Monday, February 9, 2009

Inter-generational

WE have to be more sensitive to this aspect of our life these days. With the current pace and widening diversity of development, we need to be truly skilful in handling the intricate and more felt requirements of inter-generational integration.

We cannot help but deepen our respective generational specializations of interest, in all their social and cultural varieties. I suppose this is how things go. We even have to foster the legitimate differences. But we need to learn how to form one organic whole, since in the end we all are one human family.

For example, in any diocesan clergy gathering that I attend, I can’t fail to notice the spontaneous groupings that appear, formed more by generational factors than by any other element. The young congregate among themselves, the seniors keep to themselves.

There are exceptions, of course. But they are more amusing than anything. Like, I met a retired Monsignor, approaching 80, so techie he could shame many younger ones with his knowledge and skill of the modern gadgets. He even used some technical lingo not yet in my vocabulary.

Where there is more unity and harmony in one group, say in a parish, there’s a lot of good that can be done. In contrast, where there is an infestation of envy and quarreling, many things get wasted.

In the place where I’m staying at present, we are just 10 residents—3 priests and 7 lay professionals—but I readily see the differences and feel the normal tension that goes with them, something that needs to be managed well.
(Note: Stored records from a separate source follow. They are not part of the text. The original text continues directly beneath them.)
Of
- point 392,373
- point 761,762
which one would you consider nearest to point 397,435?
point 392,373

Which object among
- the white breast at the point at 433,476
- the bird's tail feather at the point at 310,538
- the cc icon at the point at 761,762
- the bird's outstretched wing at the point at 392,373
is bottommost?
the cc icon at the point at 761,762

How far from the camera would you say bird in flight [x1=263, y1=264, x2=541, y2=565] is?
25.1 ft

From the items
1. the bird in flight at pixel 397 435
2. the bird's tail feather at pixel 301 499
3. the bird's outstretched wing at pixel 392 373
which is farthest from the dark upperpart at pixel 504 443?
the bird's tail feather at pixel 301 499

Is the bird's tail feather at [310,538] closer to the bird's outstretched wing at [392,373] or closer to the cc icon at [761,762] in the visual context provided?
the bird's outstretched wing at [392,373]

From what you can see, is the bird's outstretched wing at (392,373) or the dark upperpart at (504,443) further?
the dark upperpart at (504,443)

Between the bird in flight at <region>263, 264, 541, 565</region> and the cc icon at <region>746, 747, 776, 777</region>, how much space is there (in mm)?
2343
At 57, I’m the eldest of the group, followed by a 55-year-old priest who was a former engineer. The rest are in their thirties. And our director is the youngest at 24 years of age. One is a university professor, the others are almost all engineers and architects, working in different schools and offices.

In our daily get-togethers, especially the ones after dinner, I can’t help but feel at the same time happy, excited and challenged by the rich mix of topics that get into our conversations.

I learn a lot from them, especially when they talk about new developments in their profession, people they meet and do business with, and the plans and projects they handle.

I just hope they also learn from me, since I too give a generous share of my views. But it gratifies me no end to see how everyone tries to go out of their own selves to engage everybody else in hearty exchanges, with refined efforts to adapt and please others manifest in a discreet and natural way.

I could see the mutual complementation taking place among ourselves, in an atmosphere of cheerful family life. Each one contributes something, everyone listens. Many times, I say a quiet prayer of thanksgiving for all this, a real blessing.

I suppose this is part of the secret to achieving a kind of inter-generational integration among all of us in society. We need to forget ourselves more and just think of the others, eager to serve and to please others.

And this can always be done, because it always starts with small, normal and ordinary things we are supposed to do with one another. We have to be nice, even affectionate, develop a keen, sincere interest in the others, in what they do and even in their concerns.

With little goodwill that we try to nurture and grow, a lot of good is produced, benefiting everyone. We have to learn to go beyond our natural differences, our understandable likes and dislikes, to be able to enter smoothly into the lives of others.

We need to learn to disregard irritating details, and to keep rectifying our intentions and purifying our memory, since anything can dirty them anytime even within a span of a minute.

We are all human, it’s understood, but we too are capable of rising high above our purely human conditions to meet the standards of real charity. We have to be quick to understand and forgive. We have to be very careful with our tendency to judge.

In my years of talking with people, I accomplish more by listening and understanding and encouraging than by making suggestions. Often the people themselves discover what they need to do.

I find this an effective way to handle inter-generational differences.